# Solved: Mortgage Calculator - Visual Basic



## bravo4583 (Oct 4, 2012)

I am trying to calculate monthly payment for a loan. Principle amount and interest is entered by user and term defaults to 30 years. For the payment calculation, I have tried different ways of setting up the formula but I keep getting "NaN" as a result. I know this means "Not a Number" but I'm not sure how I'm getting that.

Yes, this is a school assignment but it's an online course and every time I email the instructor he takes about a week to reply back. Once he does reply he says to talk to my classmates (who don't know either!)
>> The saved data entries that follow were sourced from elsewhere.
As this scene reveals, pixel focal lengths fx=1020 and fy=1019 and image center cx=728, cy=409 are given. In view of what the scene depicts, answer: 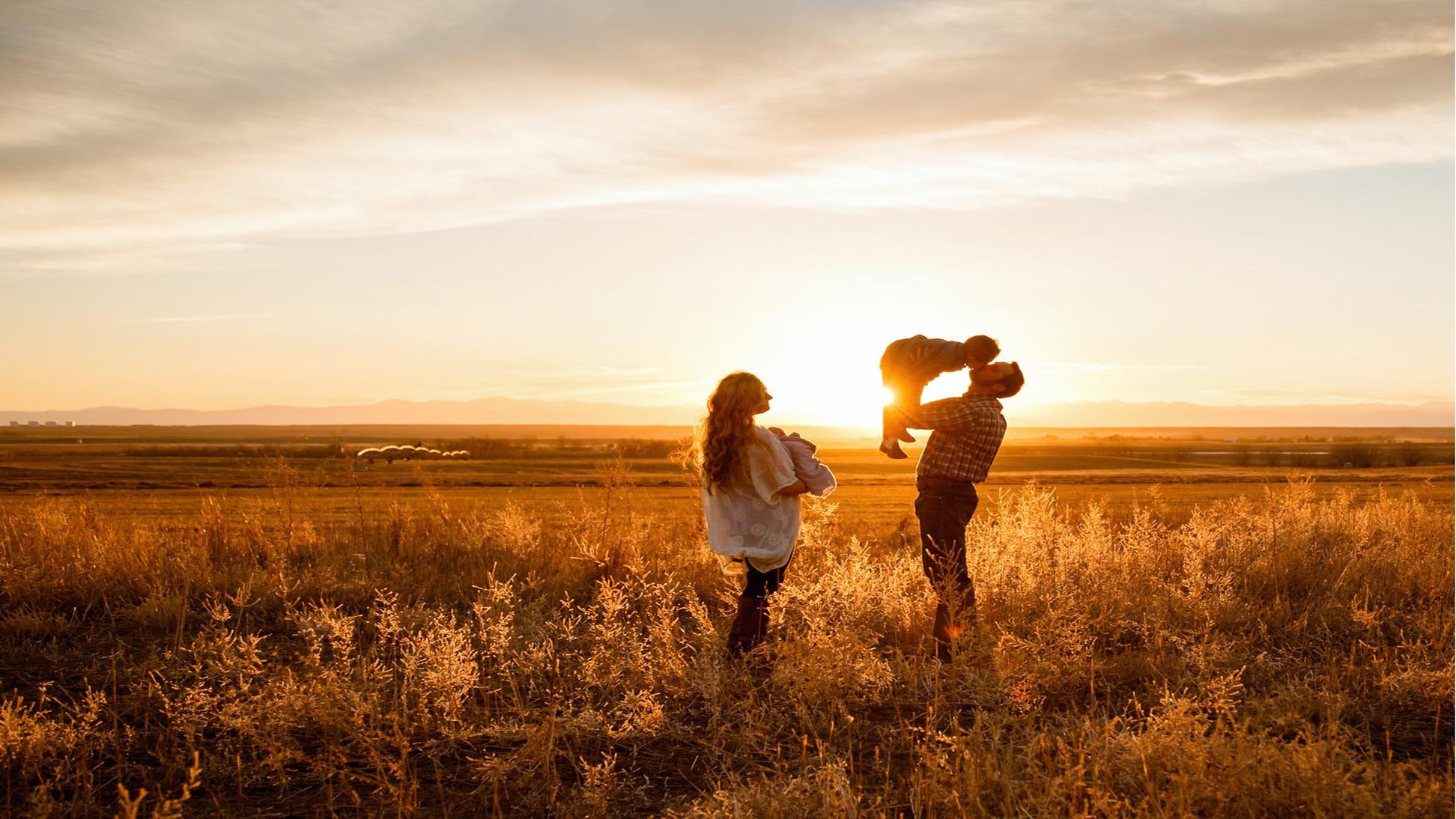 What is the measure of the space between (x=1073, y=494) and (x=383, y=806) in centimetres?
2673

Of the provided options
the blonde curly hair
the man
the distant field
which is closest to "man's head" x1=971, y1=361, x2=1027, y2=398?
the man

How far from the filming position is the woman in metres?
6.48

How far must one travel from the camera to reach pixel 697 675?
245 inches

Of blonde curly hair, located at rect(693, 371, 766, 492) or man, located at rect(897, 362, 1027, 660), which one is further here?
man, located at rect(897, 362, 1027, 660)

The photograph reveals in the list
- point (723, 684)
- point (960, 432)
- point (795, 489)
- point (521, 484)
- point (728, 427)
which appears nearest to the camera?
point (723, 684)

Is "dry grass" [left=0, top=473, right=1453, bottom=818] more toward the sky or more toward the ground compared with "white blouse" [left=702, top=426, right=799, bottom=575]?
more toward the ground

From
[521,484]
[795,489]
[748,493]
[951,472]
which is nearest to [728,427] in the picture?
[748,493]

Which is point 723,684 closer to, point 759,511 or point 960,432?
point 759,511

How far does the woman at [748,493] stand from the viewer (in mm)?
6480

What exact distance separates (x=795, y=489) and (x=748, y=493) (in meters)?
0.31

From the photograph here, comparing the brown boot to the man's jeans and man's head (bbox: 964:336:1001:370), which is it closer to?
the man's jeans

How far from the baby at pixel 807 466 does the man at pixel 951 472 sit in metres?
0.64

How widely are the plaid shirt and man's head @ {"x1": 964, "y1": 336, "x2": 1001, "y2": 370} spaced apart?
0.28 meters

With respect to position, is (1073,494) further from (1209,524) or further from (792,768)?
(792,768) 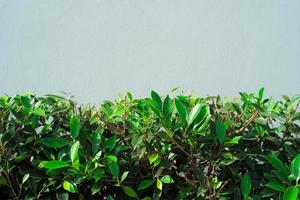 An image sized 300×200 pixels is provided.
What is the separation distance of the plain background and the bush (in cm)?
208

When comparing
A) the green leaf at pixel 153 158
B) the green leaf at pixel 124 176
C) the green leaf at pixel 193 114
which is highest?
the green leaf at pixel 193 114

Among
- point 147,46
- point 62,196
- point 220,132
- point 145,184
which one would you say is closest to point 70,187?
point 62,196

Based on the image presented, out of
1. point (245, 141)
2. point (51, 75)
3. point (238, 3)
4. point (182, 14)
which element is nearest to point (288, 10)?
point (238, 3)

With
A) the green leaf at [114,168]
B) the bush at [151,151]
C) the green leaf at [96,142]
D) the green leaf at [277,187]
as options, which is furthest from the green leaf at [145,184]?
the green leaf at [277,187]

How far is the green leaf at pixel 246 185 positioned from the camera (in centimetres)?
189

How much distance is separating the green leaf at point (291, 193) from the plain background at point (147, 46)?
8.37 feet

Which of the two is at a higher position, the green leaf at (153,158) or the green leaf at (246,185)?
the green leaf at (153,158)

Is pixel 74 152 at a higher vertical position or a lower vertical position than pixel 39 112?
lower

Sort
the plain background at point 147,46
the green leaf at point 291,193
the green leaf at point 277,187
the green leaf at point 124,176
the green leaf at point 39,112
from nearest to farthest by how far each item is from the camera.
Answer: the green leaf at point 291,193, the green leaf at point 277,187, the green leaf at point 124,176, the green leaf at point 39,112, the plain background at point 147,46

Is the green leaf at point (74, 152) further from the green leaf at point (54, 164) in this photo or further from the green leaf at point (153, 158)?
the green leaf at point (153, 158)

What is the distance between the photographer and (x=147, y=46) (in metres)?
4.30

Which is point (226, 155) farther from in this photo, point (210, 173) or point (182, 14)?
point (182, 14)

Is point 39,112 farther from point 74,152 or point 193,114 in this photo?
point 193,114

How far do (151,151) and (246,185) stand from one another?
401mm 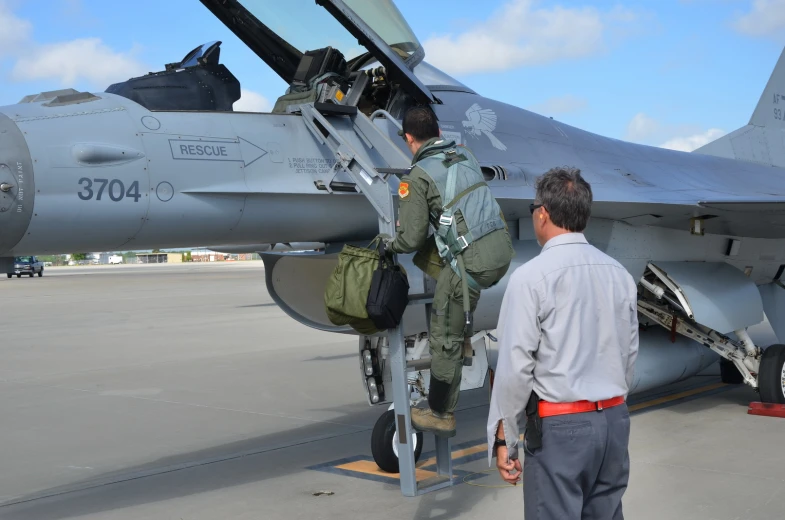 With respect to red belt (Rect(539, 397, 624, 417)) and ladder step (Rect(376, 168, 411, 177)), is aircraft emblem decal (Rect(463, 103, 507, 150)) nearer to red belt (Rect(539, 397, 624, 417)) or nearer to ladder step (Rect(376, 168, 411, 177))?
ladder step (Rect(376, 168, 411, 177))

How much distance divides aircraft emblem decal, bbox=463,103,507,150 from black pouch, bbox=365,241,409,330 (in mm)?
2351

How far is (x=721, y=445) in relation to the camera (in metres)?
6.11

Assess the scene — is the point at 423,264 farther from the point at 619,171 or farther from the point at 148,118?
the point at 619,171

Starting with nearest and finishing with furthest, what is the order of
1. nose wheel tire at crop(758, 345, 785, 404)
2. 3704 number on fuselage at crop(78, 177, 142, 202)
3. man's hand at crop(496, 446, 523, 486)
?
man's hand at crop(496, 446, 523, 486)
3704 number on fuselage at crop(78, 177, 142, 202)
nose wheel tire at crop(758, 345, 785, 404)

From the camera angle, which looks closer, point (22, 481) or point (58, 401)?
point (22, 481)

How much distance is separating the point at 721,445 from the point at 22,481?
205 inches

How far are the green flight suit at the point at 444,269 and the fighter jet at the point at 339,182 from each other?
0.43 meters

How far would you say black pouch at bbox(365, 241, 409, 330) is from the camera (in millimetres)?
4203

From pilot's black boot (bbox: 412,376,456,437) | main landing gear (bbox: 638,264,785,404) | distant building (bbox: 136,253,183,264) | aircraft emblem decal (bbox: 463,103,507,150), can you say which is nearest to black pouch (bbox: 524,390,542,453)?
pilot's black boot (bbox: 412,376,456,437)

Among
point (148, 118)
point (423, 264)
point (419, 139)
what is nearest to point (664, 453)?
point (423, 264)

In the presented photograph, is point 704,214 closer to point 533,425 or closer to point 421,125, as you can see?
point 421,125

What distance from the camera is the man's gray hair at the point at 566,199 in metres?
2.64

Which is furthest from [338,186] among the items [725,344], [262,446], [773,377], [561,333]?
[773,377]

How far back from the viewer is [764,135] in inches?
422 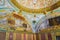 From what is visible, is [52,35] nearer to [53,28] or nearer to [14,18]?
[53,28]

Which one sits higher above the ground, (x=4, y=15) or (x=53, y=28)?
(x=4, y=15)

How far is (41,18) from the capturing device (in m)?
7.15

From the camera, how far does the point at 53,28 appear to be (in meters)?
6.89

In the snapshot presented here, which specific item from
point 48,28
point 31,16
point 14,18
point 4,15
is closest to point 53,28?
point 48,28

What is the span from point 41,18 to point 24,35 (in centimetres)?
119

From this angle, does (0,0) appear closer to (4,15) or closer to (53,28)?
(4,15)

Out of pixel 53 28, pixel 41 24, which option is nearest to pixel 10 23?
pixel 41 24

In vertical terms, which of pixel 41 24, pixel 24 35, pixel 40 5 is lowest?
pixel 24 35

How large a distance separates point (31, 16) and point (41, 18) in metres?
0.51

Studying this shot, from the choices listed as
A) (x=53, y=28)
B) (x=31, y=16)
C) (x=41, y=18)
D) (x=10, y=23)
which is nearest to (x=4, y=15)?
(x=10, y=23)

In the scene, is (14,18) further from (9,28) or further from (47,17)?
(47,17)

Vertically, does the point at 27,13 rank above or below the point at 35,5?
below

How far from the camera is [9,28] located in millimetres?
6941

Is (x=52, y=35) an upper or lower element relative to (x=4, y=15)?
lower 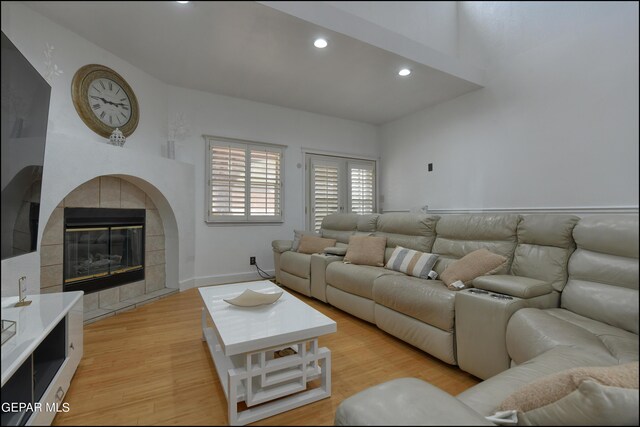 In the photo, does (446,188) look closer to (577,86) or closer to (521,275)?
(521,275)

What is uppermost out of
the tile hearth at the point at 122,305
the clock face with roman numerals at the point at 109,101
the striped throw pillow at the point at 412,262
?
the clock face with roman numerals at the point at 109,101

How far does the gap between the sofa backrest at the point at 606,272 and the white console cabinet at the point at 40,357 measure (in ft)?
3.86

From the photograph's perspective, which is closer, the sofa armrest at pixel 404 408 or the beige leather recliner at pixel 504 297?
the sofa armrest at pixel 404 408

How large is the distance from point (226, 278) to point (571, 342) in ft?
9.84

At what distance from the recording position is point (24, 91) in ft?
2.31

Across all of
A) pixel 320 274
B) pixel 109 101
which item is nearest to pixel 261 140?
pixel 320 274

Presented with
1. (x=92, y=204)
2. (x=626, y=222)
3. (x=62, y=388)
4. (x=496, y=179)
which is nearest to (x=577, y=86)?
(x=626, y=222)

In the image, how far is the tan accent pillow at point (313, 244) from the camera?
340 cm

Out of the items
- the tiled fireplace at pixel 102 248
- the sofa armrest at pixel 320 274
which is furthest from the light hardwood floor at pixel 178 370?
the tiled fireplace at pixel 102 248

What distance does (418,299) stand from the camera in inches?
72.1

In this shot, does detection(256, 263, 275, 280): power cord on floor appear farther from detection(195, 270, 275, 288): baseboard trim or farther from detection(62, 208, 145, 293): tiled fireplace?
detection(62, 208, 145, 293): tiled fireplace

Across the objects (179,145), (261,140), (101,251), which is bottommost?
(101,251)

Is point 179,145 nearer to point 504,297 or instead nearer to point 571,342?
point 504,297

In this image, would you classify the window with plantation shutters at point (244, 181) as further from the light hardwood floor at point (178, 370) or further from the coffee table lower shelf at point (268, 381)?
the coffee table lower shelf at point (268, 381) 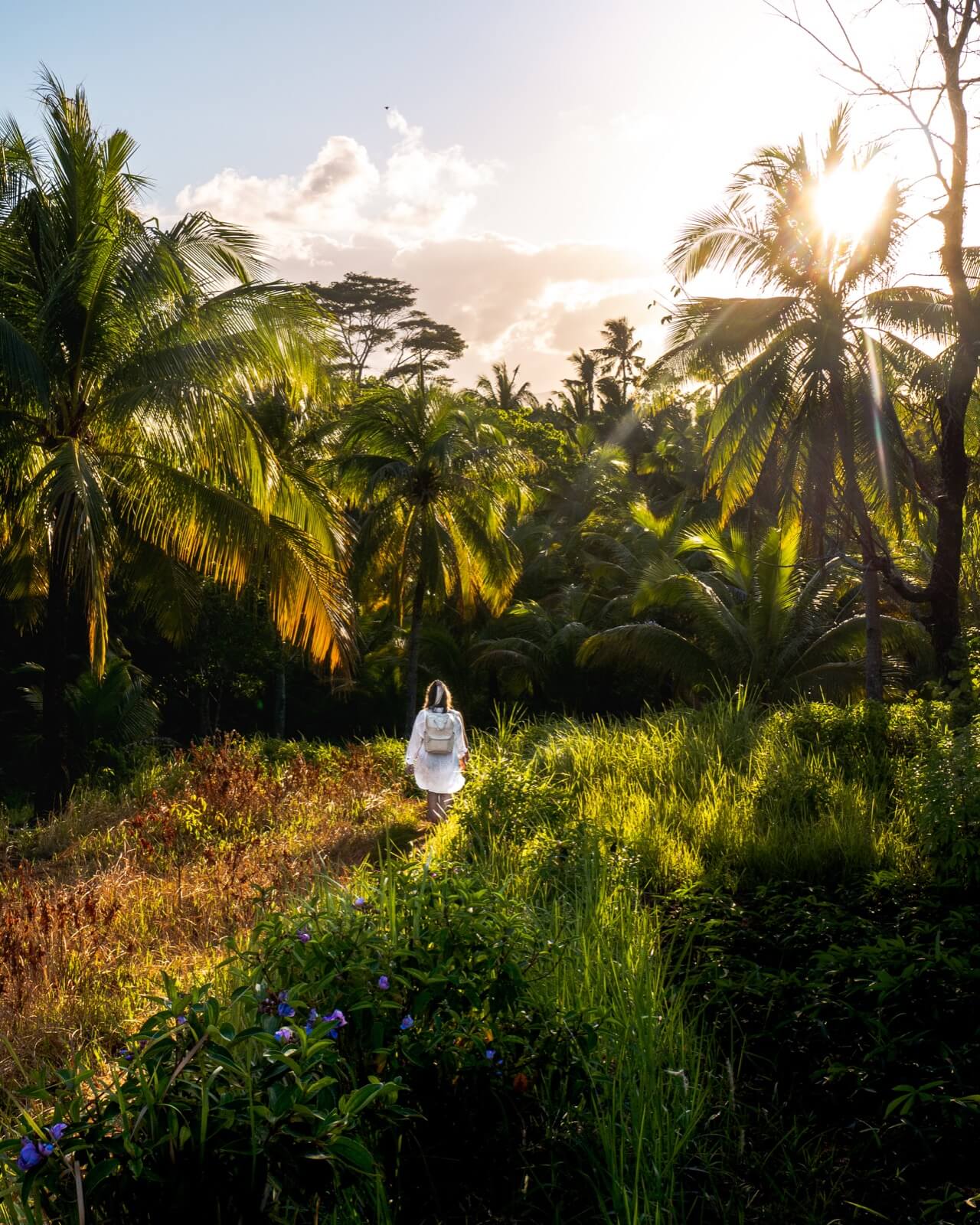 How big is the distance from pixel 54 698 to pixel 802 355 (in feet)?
36.4

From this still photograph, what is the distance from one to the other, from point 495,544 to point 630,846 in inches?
596

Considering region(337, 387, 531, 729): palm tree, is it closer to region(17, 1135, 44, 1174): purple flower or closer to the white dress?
the white dress

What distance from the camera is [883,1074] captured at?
3.61m

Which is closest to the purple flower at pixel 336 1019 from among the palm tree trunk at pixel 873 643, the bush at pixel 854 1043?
the bush at pixel 854 1043

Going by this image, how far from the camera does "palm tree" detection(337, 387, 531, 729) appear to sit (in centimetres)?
2077

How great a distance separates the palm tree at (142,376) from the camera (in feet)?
37.7

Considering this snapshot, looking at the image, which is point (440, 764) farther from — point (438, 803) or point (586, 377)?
point (586, 377)

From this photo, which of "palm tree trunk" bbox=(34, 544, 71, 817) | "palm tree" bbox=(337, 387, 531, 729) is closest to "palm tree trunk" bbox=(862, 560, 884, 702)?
"palm tree" bbox=(337, 387, 531, 729)

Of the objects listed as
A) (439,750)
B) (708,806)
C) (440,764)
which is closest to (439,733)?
(439,750)

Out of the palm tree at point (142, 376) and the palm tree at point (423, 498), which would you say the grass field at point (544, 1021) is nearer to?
the palm tree at point (142, 376)

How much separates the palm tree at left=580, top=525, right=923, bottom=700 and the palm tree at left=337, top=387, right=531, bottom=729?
327 cm

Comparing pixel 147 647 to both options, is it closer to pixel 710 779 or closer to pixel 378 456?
pixel 378 456

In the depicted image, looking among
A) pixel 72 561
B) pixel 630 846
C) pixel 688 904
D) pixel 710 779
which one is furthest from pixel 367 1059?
pixel 72 561

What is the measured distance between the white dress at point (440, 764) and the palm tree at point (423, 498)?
11.7 metres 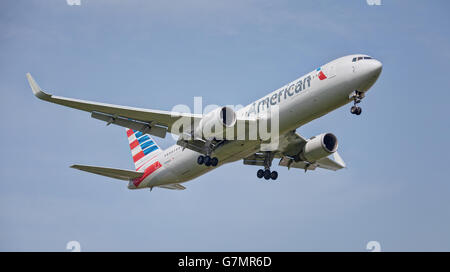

You can see my frustration. Would someone please look over the code that I have and tell me what is wrong and why I keep getting NaN as a result? Thanks...FYI, my calculations show 3 different payment formulas I have tried (I figured one of those would do the trick but no luck yet). They have been commented out, it's hard to see that without the color coding from VB.



' Module: frmMortgage.vb

Option Explicit On

Public Class frmMortgage

Dim gsngPrincipal As Double
Dim gsngInterestRate As Double
Dim gsngPayment As Double

Private Sub btnCalculate_Click(ByVal sender As Object, ByVal e As System.EventArgs) Handles btnCalculate.Click
'
'Retrieve principal and interest rate amounts from form's text boxes
'Use Val function to convert text to values
'Divide interest rate by 1200 to get monthly interest rate
'
gsngPrincipal = Val(Me.txtAmount.Text)
gsngInterestRate = Val(Me.txtRate.Text) / 1200.0
'
'If either amount is 0 or less, display error message,
'clear input text boxes, and exit procedure to start over.
'
If gsngPrincipal <= 0.0 Then
MsgBox("Principal amount value is invalid.", 0, "Input Error!")
Call btnClear_Click(sender, e)
Exit Sub
ElseIf gsngInterestRate <= 0.0 Then
MsgBox("Interest rate value is invalid.", 0, "Input Error!")
Call btnClear_Click(sender, e)
Exit Sub
Else
'
'Calculate payment and display it
'
gsngPayment = payment()
Me.txtPayment.Text = Format(gsngPayment, "#####.##")
End If
End Sub

Private Sub btnClear_Click(ByVal sender As Object, ByVal e As System.EventArgs) Handles btnClear.Click
'
'Clear all text boxes and set focus to Amount text box
'
txtAmount.Clear()
txtPayment.Clear()
txtRate.Clear()
txtAmount.Focus()
End Sub

Private Sub btnExit_Click(ByVal sender As Object, ByVal e As System.EventArgs) Handles btnExit.Click
'
' Exit the program
'
Me.Close()
End Sub

End Class


'Module name: basGlobal.vb
'
Public Const gintYears As Integer = 30
Dim gsngPrincipal As Double
Dim gsngInterestRate As Double
Dim gsngPayment As Double
'Dim monthlyPayment As Double
'Dim power As Double = (gsngInterestRate + 1)

Sub main()
Application.Run(frmMortgage)
End Sub

Public Function payment() As Double

'Returns monthly payment on mortgage or other loan
'Loan term defined by Public Constant gintYears
'
'gsngPrincipal = loan principal
'gsngInterestRate = monthly interest rate

Return gsngPrincipal * (gsngInterestRate / (1.0 - (gsngInterestRate + 1) ^ -gintYears))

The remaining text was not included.